Par l'expérience d'une société occidentale et capitaliste, nous savons quels en sont les dangers : la valeur de l'argent supplante le reste, les détenteurs du pouvoir et de l'argent sont prêts à tout pour gonfler leur chiffre d'affaire et leur profit, à favoriser « les copains » plutôt que de penser au bien de la société toute entière, au détriment de l'aspect social et humain. L'individualisme triomphe, creusant toujours plus le fossé entre les différentes classes sociales. C'est une mentalité : celle du « marche ou crève », où la performance de l'individu va être mise à l'épreuve chaque jour par des pressions subis au travail notamment. Et c'est de cette mentalité dont je veux parler à Cuba : non pas sur l'aspect de la performance – car chacun trouve sa place – mais plus généralement, par rapport à l'individualisme naissant (avec l'apparition des inégalités de revenus) qui met en place une sorte de « chacun pour soi » où l'on voit dans l'autre un intérêt avant de l'apprécier à sa juste valeur. L'autre peut devenir un moyen d'accéder à ce qu'ils n'ont pas (voyager, avoir un téléphone portable dernier cri ou des vêtements neufs).

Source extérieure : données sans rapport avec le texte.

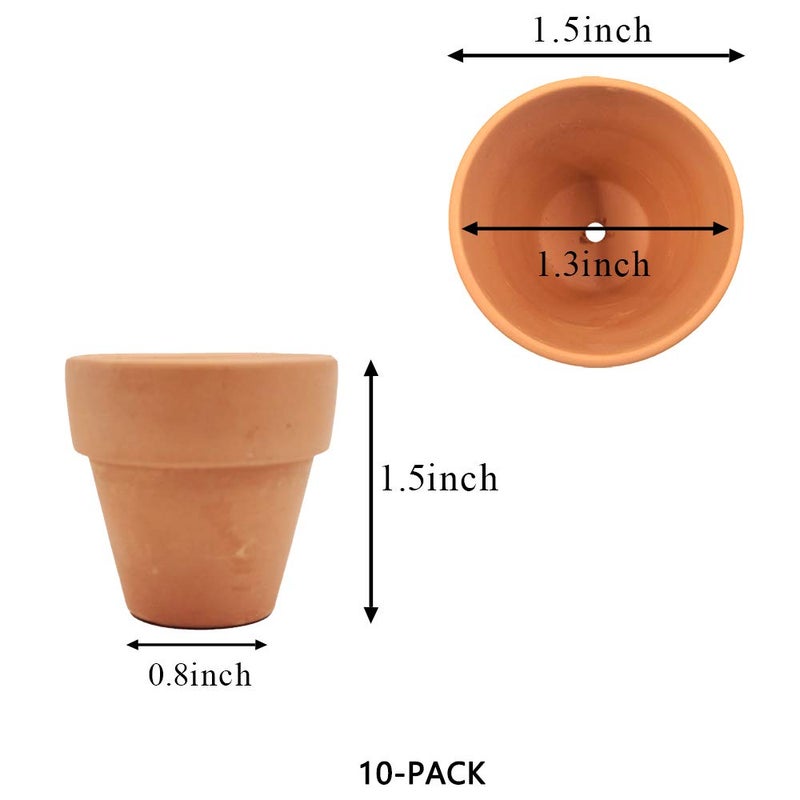 Yishang mini Terracotta Pots with Drainage Holes - 1.5 inches Tiny Clay Nursery Pots for Indoor/Outdoor Mini Plant, DIY Crafts, Wedding Favors(10 Pack) - Image 2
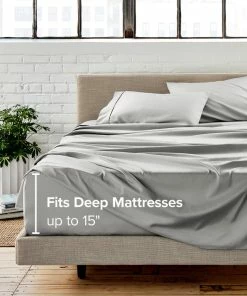 Bare Home Full XL 1800 Microfiber Sheet Set, Light Gray -Bare Sales Store 9561360d024db2db 9501 w800 h800 b0 p0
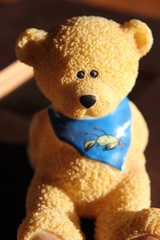 Close-up of a toy bear with friendly face 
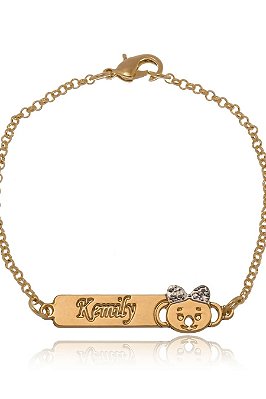 Pulseira Personalizada Chapada Com Nome Lilica E Tigor Folheado Em Ouro 18k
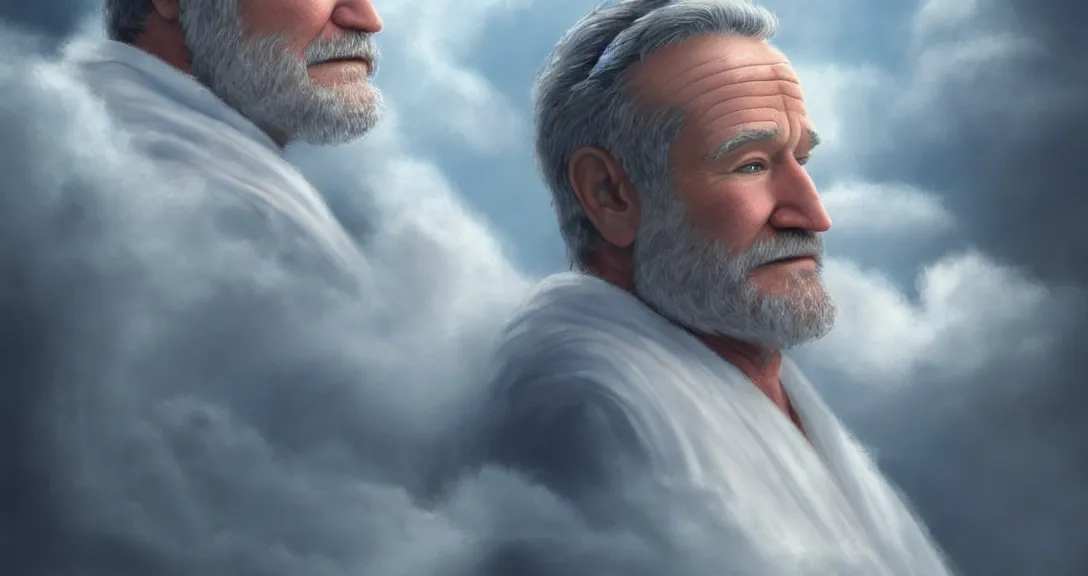 Image similar to robin williams is god, white beard, clouds, heaven, blue eyes, white robe, single subject, intricate, detailed, volumetric lighting, scenery, digital painting, highly detailed, artstation, sharp focus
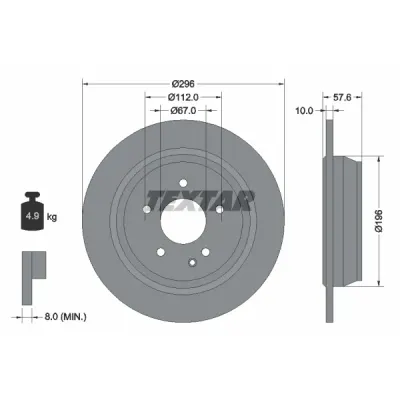 Disc frana TEXTAR 93123503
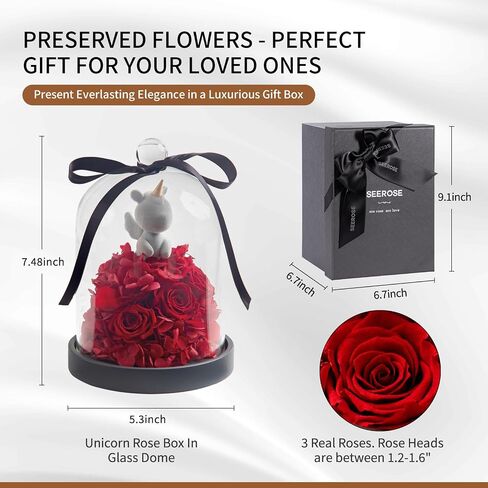 SEEROSE Preserved Rose with Cupid Bear in Glass Dome, Eternal Real Rose Romantic Gift for Her, Women, Mom, Wife, Girlfriend, Valentine’s Day, Mother’s Day, Christmas, Birthday (Cupid Bear, Red) in Saudi Arabia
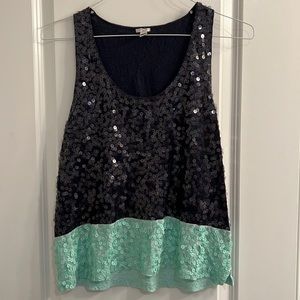J. Crew Navy Blue & Turquoise Colorblock Sequin Tank M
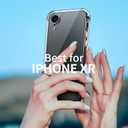 for iPhone XR 6.1-Inch Case, Shockproof TPU Clear Cover with 2 Pack Tempered Glass Screen Protectors & Leather Kickstand (3M Adhesive Mount) for Stand/Horizontal Viewing, Clear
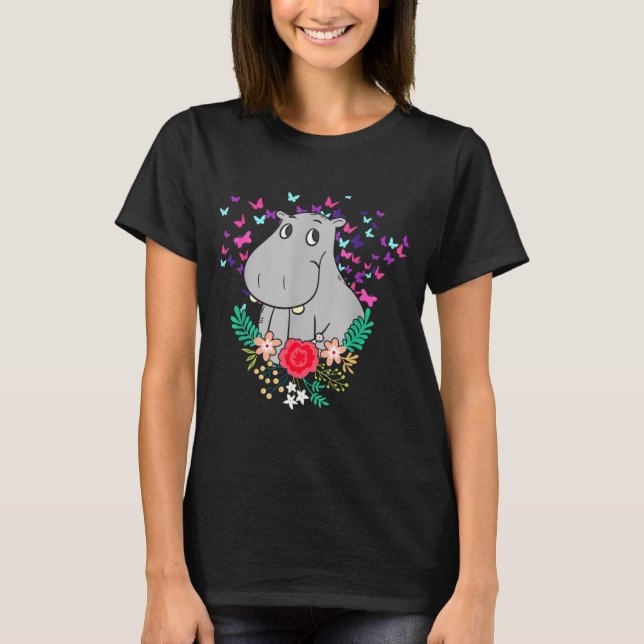 Animal Lover Butterfly Valentines Day Gift Flowers T Shirt (Framsida)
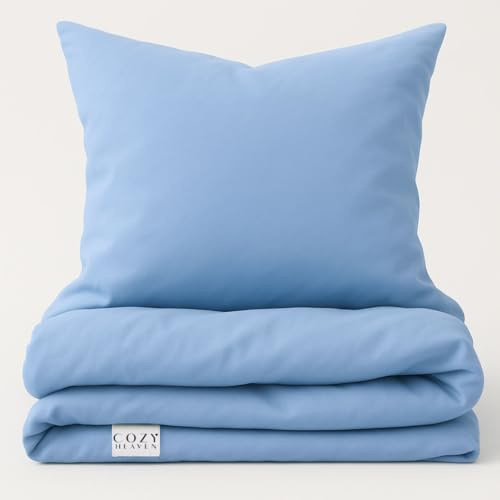 COZY HEAVEN | Luxus Lyocell Bettwäsche (Tencel™) | Gewonnen aus Eukalyptus u.a. | Ultra weich & hochwertig | Hypoallergen | Atmungsaktiv gegen Schweiß | Nachhaltig (Ice Blue, 200x200 + 2X (40x80))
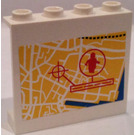 LEGO Weiß Panel 1 x 4 x 3 mit Map mit Crosshairs Aufkleber ohne seitliche Stützen, hohle Bolzen (4215)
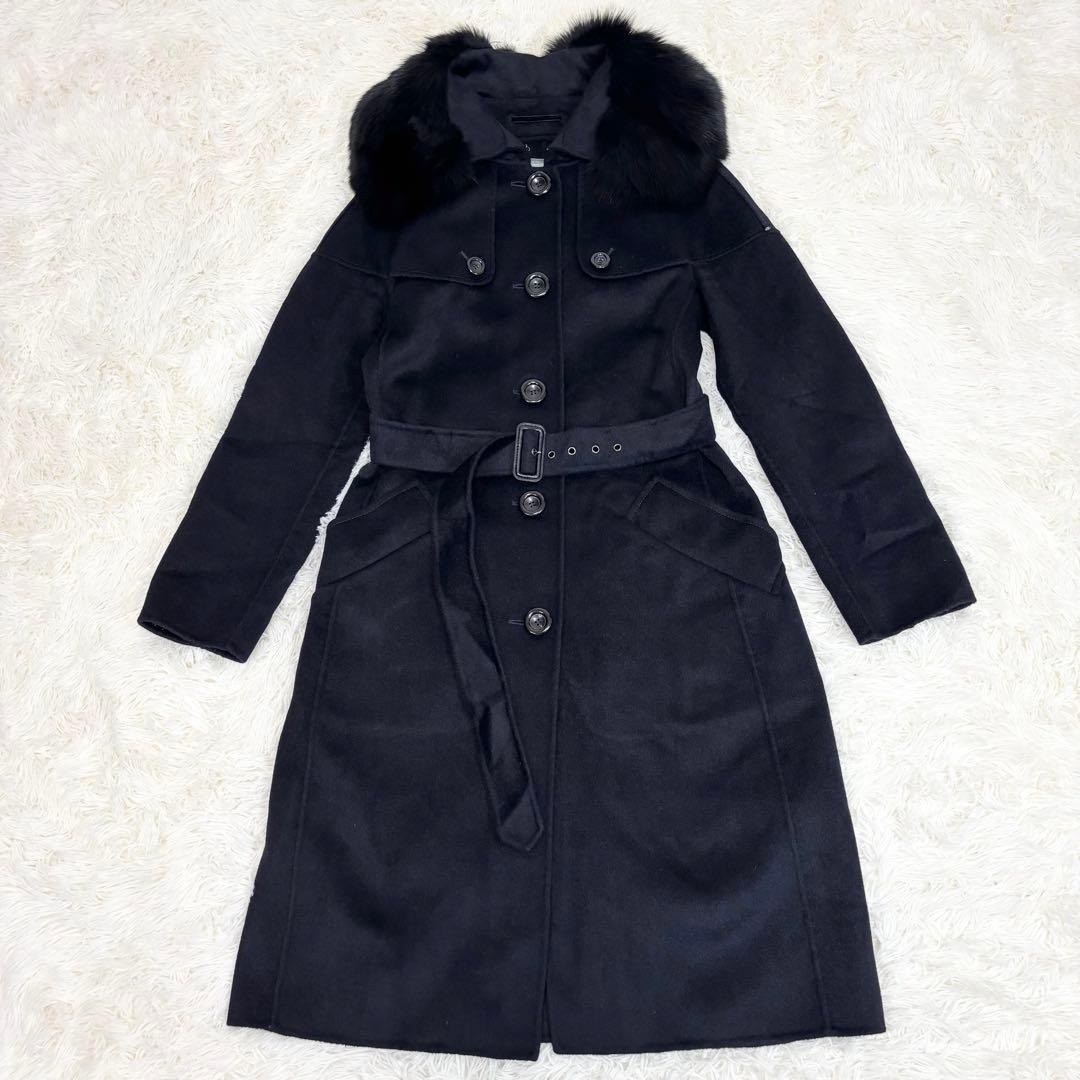 【美品】 スポーツマックス カシミヤ アンゴラ ロングコート クチートアマーノ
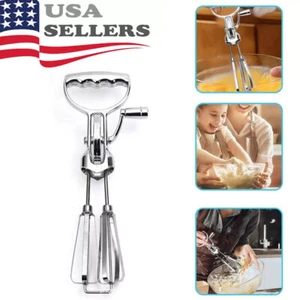 Egg Beater Manual Crank Hand Mixer Blender Stainless Steel Kitchen Tool - Picture 1 of 6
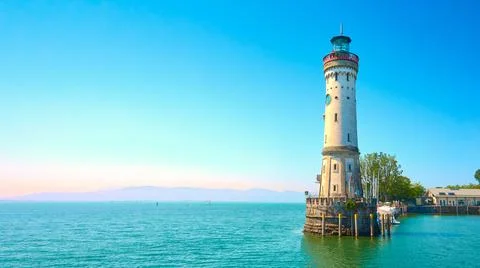 New lighthouse in the harbor of Lindau Stock Photos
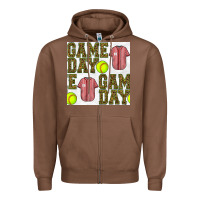 Chestnut softball uniform game day seamless pattern Zipper Hoodie - BundleAndBundleShop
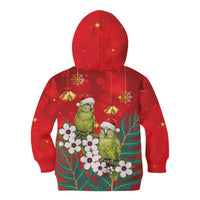 New Zealand Kakapo Christmas Kid Hoodie Owl Parrot Santa Sliver Fern Manuka - Red - Polynesian Pride
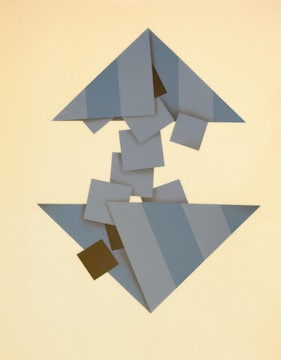 Slate and charcoal geometric shapes layered to suggest data encryption and security.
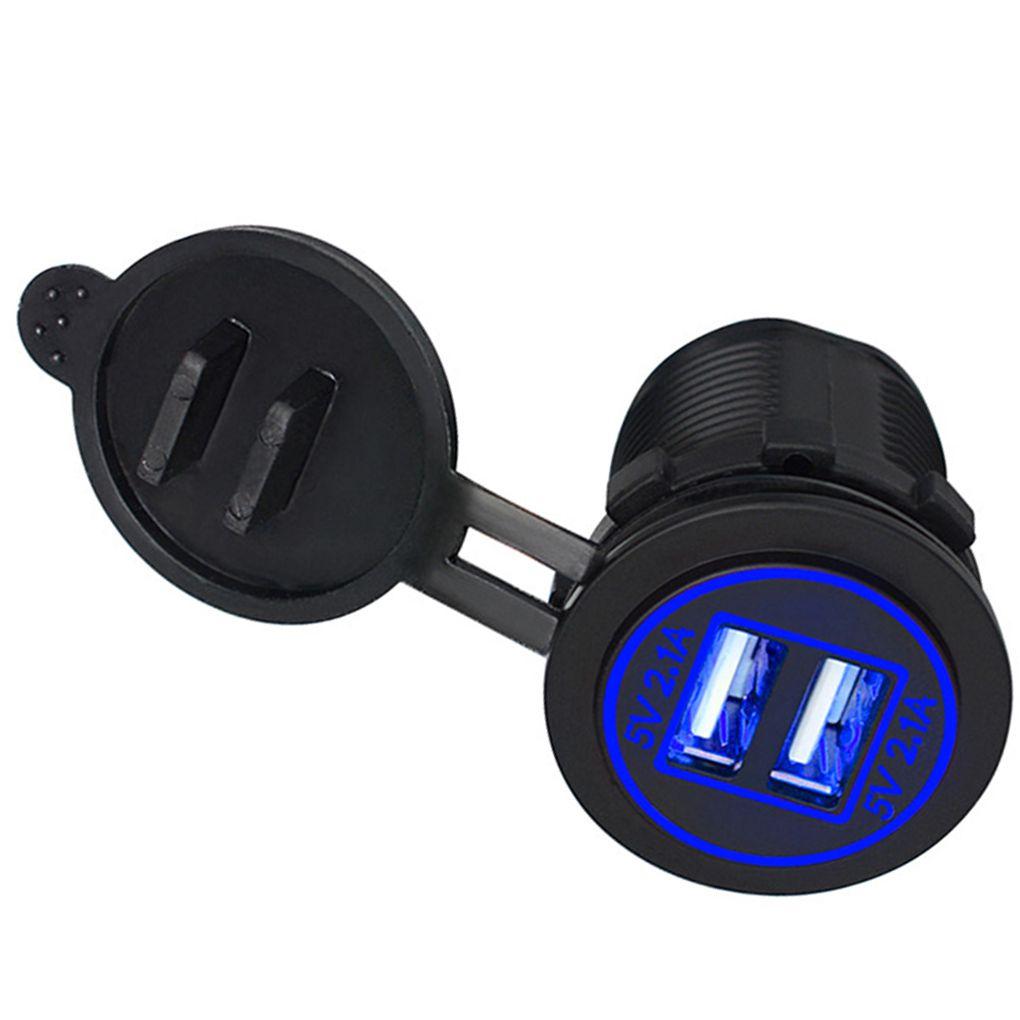 5V 2.1A Dual USB Charger IP66 Waterproof Car Charging Socket Power Outlet Compatible for Car Boat Marine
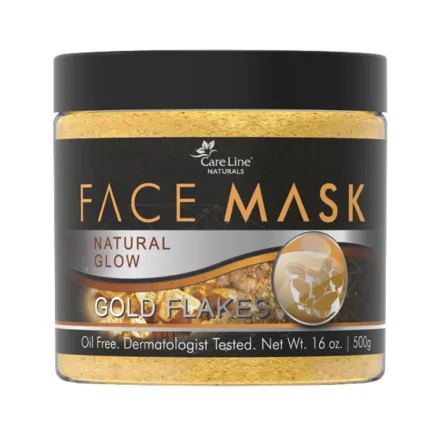 Care Line Face Mask Natural Glow Gold Flakes - 500g |كير لاين ماسك الوجه الطبيعي للتوهج مع رقائق الذهب - 500 جرام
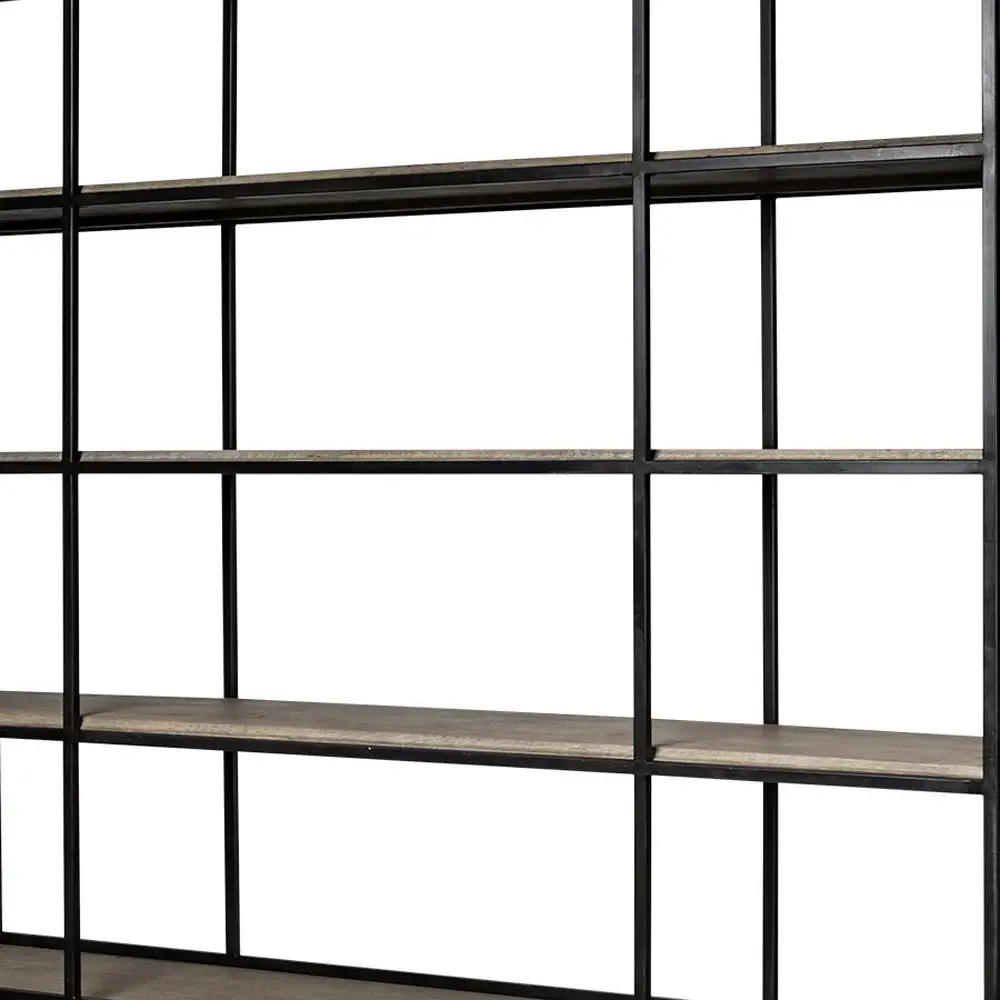 Light Brown Wood And Iron Shelving Unit With 3 Shelves - Image 6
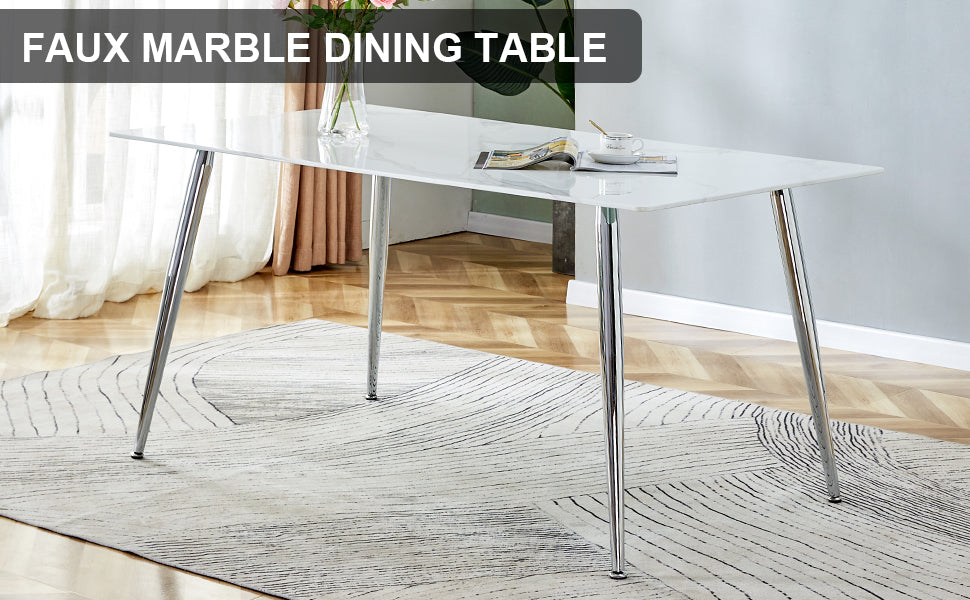 4 to 6 Seater Modern Minimalist Thick Tempered Marbled Glass Dining Table with Silver Metal Legs_27
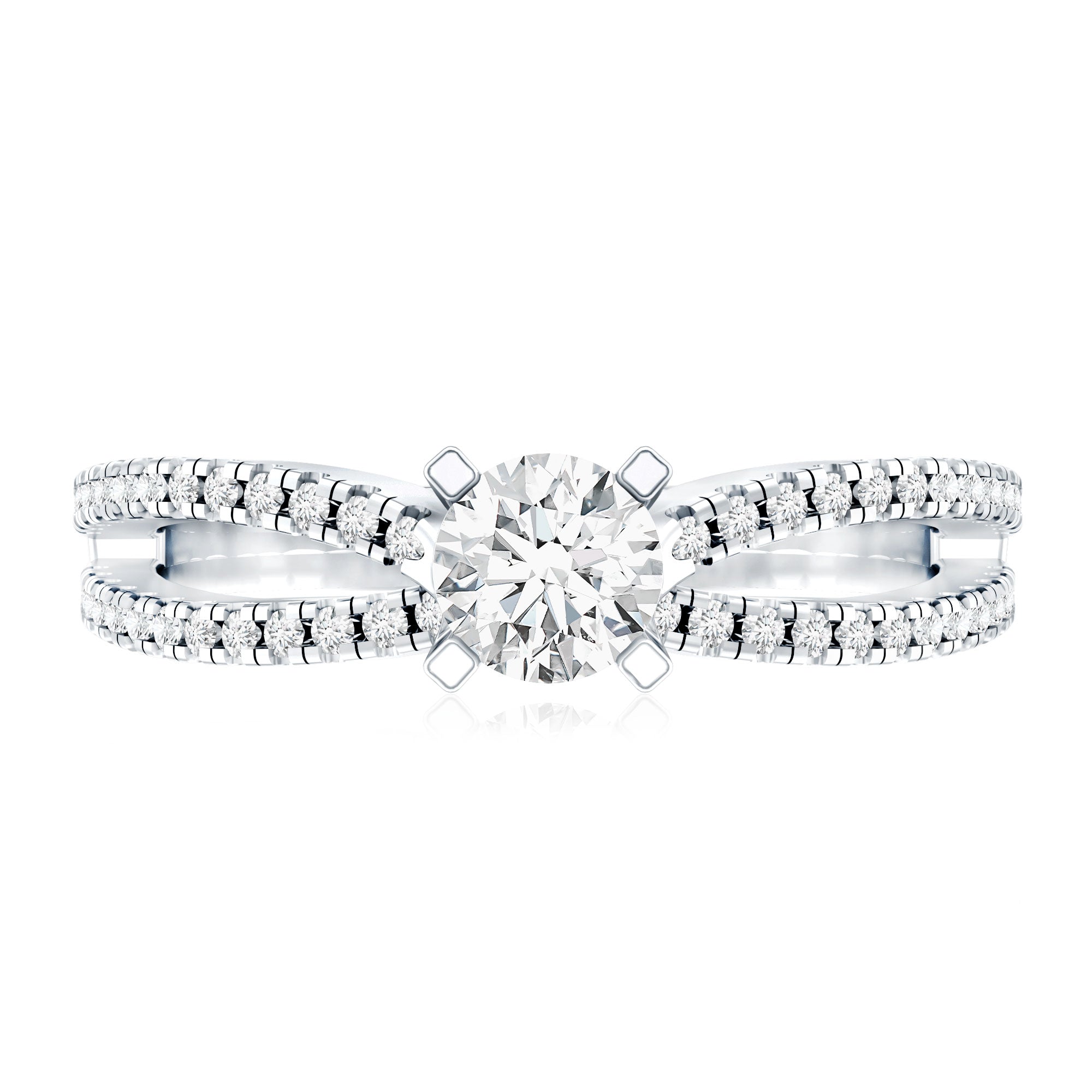 Solitaire Lab Grown Diamond Split Shank Engagement Ring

Qu'est ce qui fait qu'une éducation issue de la révolution ne crée plus de cohésion sociale ? La plupart des Cubains que j'ai rencontré était envieux des touristes, de moi en l'occurrence. Nous sommes vus comme des gros dollars sur pattes – et c'est bien entendu un phénomène courant lorsqu'on se retrouve à voyager dans les pays émergents. Alors qu'une partie de la population des sociétés capitalistes voient les failles de ce système, ceux qui la considèrent de loin imagine l'Eldorado, sans vivre la précarisation des emplois, les privatisations, les faillites, les charges financières venant de toute part, le coût de la vie exorbitant du quotidien, le mal-être stagnant. Envieux de ceux qui viennent dans leur pays mais aussi envieux des uns et des autres cubains dès qu'il y a un avantage matériel.

Pourtant plus de 90 pour cent de la population reçoit un salaire quasiment équivalent. Ce regard montre que l'individualisme moderne et occidental guette les esprits cubains, loin des promesses de la révolution. Ne percevant qu'à moitié le mal que le capitalisme engendre, les cubains souvent crédules y voient une potentielle libération de leur condition.

Se sentant enchainés par une politique autoritaire, ils sont prêts à tout pour devenir ce que je suis, moi, européenne, esclave consumériste d'un pays dit « développé » qui est aveuglé par l'appât du gain mais aussi très éloigné du respect des droits de l'Homme et de l'égalité.